Families spend a surprising amount of time cooking meals at home, but rely heavily on packaged food to make the assist.

Jennifer Guevin Former Managing Editor / Reviews
Jennifer Guevin was a managing editor at CNET, overseeing the ever-helpful How To section, special packages and front-page programming. As a writer, she gravitated toward science, quirky geek culture stories, robots and food. In real life, she mostly just gravitates toward food.
Jennifer Guevin
2 min read

American families cook at home surprisingly often, but they cut corners by using packaged foods, pre-made sauces and food "kits" (Think Hamburger Helper or Pasta Roni), according to a study released this week. Despite warnings of the United States becoming a country of families that rely on fast-food chains for sustenance, an archaeology study of 32 two-income, working families in Los Angeles showed 70 percent of weeknight dinners were home-cooked.
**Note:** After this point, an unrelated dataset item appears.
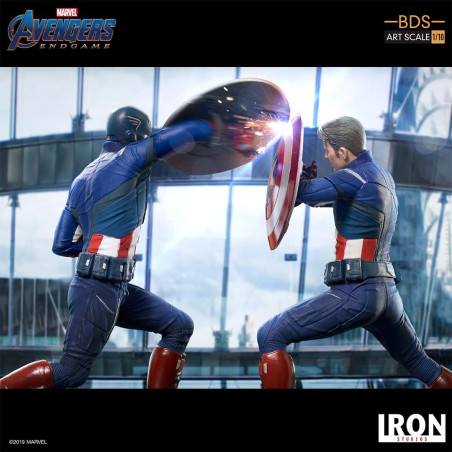 CAPTAIN AMERICA 2023 BDS ART SCALE 1/10 - AVENGERS ENDGAME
For the study, UCLA's Margaret Beck watched videotapes of families and recorded how much time they spent preparing the meals they ate at home. For a meal to count as completely home-cooked, it had to be made from scratch and only consist of fresh foods. That means it could not include things like frozen entrees, canned or frozen vegetables, specialty breads (ready-to-eat, partially baked or from mix), canned soup, pre-made pasta sauce, hot dogs or bagged salads.

Interestingly, those short cuts didn't save home chefs any significant time. Families who relied heavily on the so-called convenience foods saved, on average, 10 minutes over those who made meals from scratch, the study reported. Beck theorized that people who used convenience foods would simply add to the complexity of the overall meal, perhaps putting more items on the table, but not saving any time in the end.

On the one hand, it sounds like good news that people are cooking for themselves. On the other hand, is dumping water and a noodle box into a pot really that much healthier? To me, it shows all the more reason to keep the kitchen stocked with good-quality gadgets and to work on techniques that might speed up the process of preparing a meal from scratch.